The battle we’re fighting today started in 1492, not 1942.

Let’s underscore that NOW!

The Art of Resistance: #

In a world where no amount of fact checking can seem to put a dent in policy debates, sometimes the most effective way to make a point is on a more visceral, emotional level. Such was the approach this week in New York City as activists placed cages in the different parts of the city, each with a child sized manequin wrapped in a kevlar sheet inside. Accompanying the visual presentation was a recording of children crying for their parents while being held in detention. RAICES, an organization that provides legal services to immigrants incarcerated near the border, helped to sponsor the installations.

“We want to bring this back to the consciousness of the American people,” RAICES CEO Jonathan Ryan told HuffPost. “One of the many unfortunate consequences of the repeated traumatic stories coming from the border is that, as horrified and angry as people have been, we also become desensitized. It’s important for people ... to be confronted with the reality that this is about children, human beings, whose lives are forever affected.”

“This is being done in our name by people who we elected,” he added. “And if we don’t do something to stop this, this will become who we are.”

To see a video of the installations, which were all taken down by early afternoon on Thursday, and to read the full report on Huffington Post, visit .

Cristóbal Sánchez and Irineo Mujica Freed

Last week we shared an action alert from the Alliance for Global Justice about the arrests of Cristóbal Sánchez and Irineo Mujica, both of whom are activists working to defend the human rights of Central American migrants and others in Mexico.

Both men have been released from detention. See update below:

We are pleased to announce that Mexican immigrant rights activists Cristóbal Sánchez and Irineo Mujica have been released from detention! After more than 20 hours of court proceedings, a federal judge in Tapachula, Chiapas, determined that there is enough evidence to demonstrate that neither one of the activists was at the scene where the crimes they were accused of were committed.

On June 5, 2019, Cristóbal Sánchez and Irineo Mujica were arbitrary detained in Mexico City and Sonora, respectively, on fabricated charges of human smuggling.
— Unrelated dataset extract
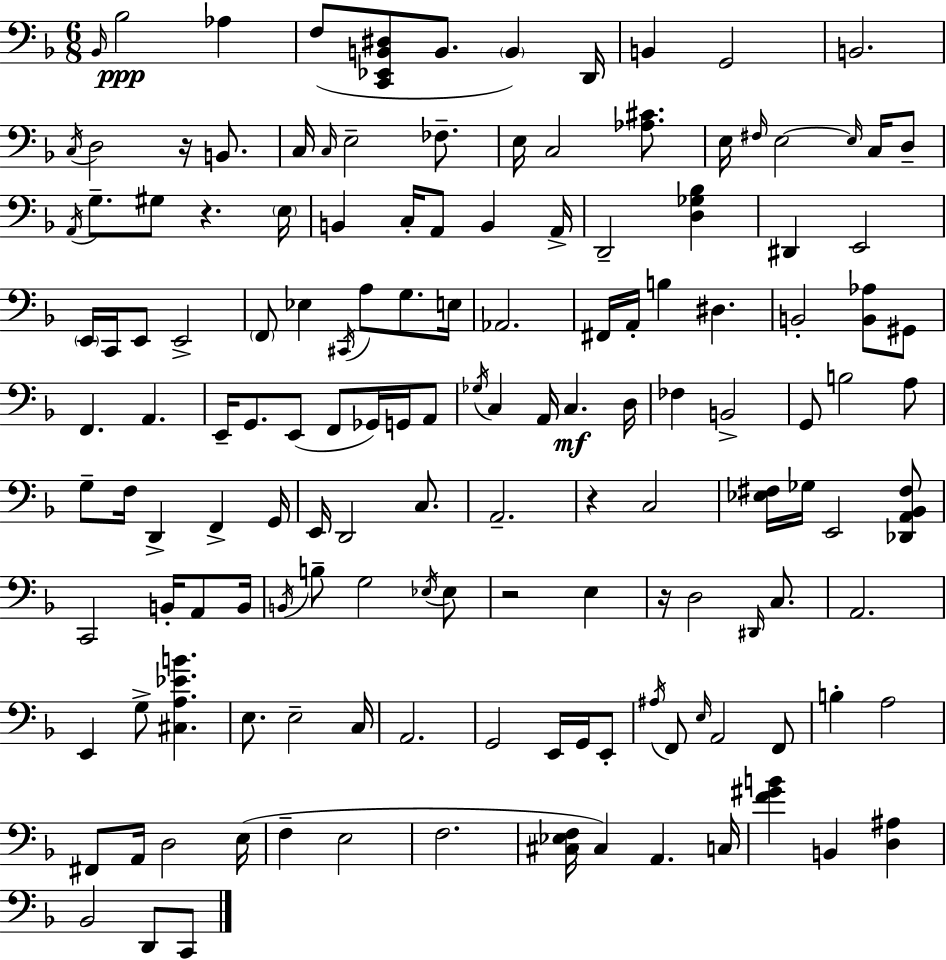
Bb2/s Bb3/h Ab3/q F3/e [C2,Eb2,B2,D#3]/e B2/e. B2/q D2/s B2/q G2/h B2/h. C3/s D3/h R/s B2/e. C3/s C3/s E3/h FES3/e. E3/s C3/h [Ab3,C#4]/e. E3/s F#3/s E3/h E3/s C3/s D3/e A2/s G3/e. G#3/e R/q. E3/s B2/q C3/s A2/e B2/q A2/s D2/h [D3,Gb3,Bb3]/q D#2/q E2/h E2/s C2/s E2/e E2/h F2/e Eb3/q C#2/s A3/e G3/e. E3/s Ab2/h. F#2/s A2/s B3/q D#3/q. B2/h [B2,Ab3]/e G#2/e F2/q. A2/q. E2/s G2/e. E2/e F2/e Gb2/s G2/s A2/e Gb3/s C3/q A2/s C3/q. D3/s FES3/q B2/h G2/e B3/h A3/e G3/e F3/s D2/q F2/q G2/s E2/s D2/h C3/e. A2/h. R/q C3/h [Eb3,F#3]/s Gb3/s E2/h [Db2,A2,Bb2,F#3]/e C2/h B2/s A2/e B2/s B2/s B3/e G3/h Eb3/s Eb3/e R/h E3/q R/s D3/h D#2/s C3/e. A2/h. E2/q G3/e [C#3,A3,Eb4,B4]/q. E3/e. E3/h C3/s A2/h. G2/h E2/s G2/s E2/e A#3/s F2/e E3/s A2/h F2/e B3/q A3/h F#2/e A2/s D3/h E3/s F3/q E3/h F3/h. [C#3,Eb3,F3]/s C#3/q A2/q. C3/s [F4,G#4,B4]/q B2/q [D3,A#3]/q Bb2/h D2/e C2/e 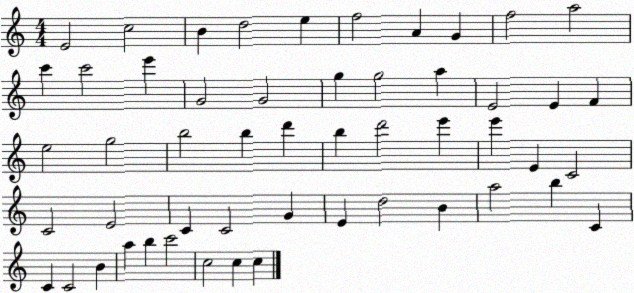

The arrest of these Human Rights activists came after several days of threats from U.S. President Donald Trump to increase tariffs on Mexican goods in order to push Mexico to detain migrants and refugees, mostly from Central America and pushed out of their homelands as a result of U.S. interventions in the region, seeking asylum in the U.S.

Thank you to everyone who joined in solidarity, supported and shared the actions to demand freedom for Cristóbal Sánchez and Irineo Mujica. The international movement started to demand freedom for the two Mexican immigrant rights activists is an example of the power of grassroots organizing over the expansion of U.S. imperialist practices that demand the criminalization of all of those who denounce the violent consequences of U.S. military, economic and political intervention in the Americas.

There is still a chance prosecutors may attempt to reintroduce charges. We will keep you posted.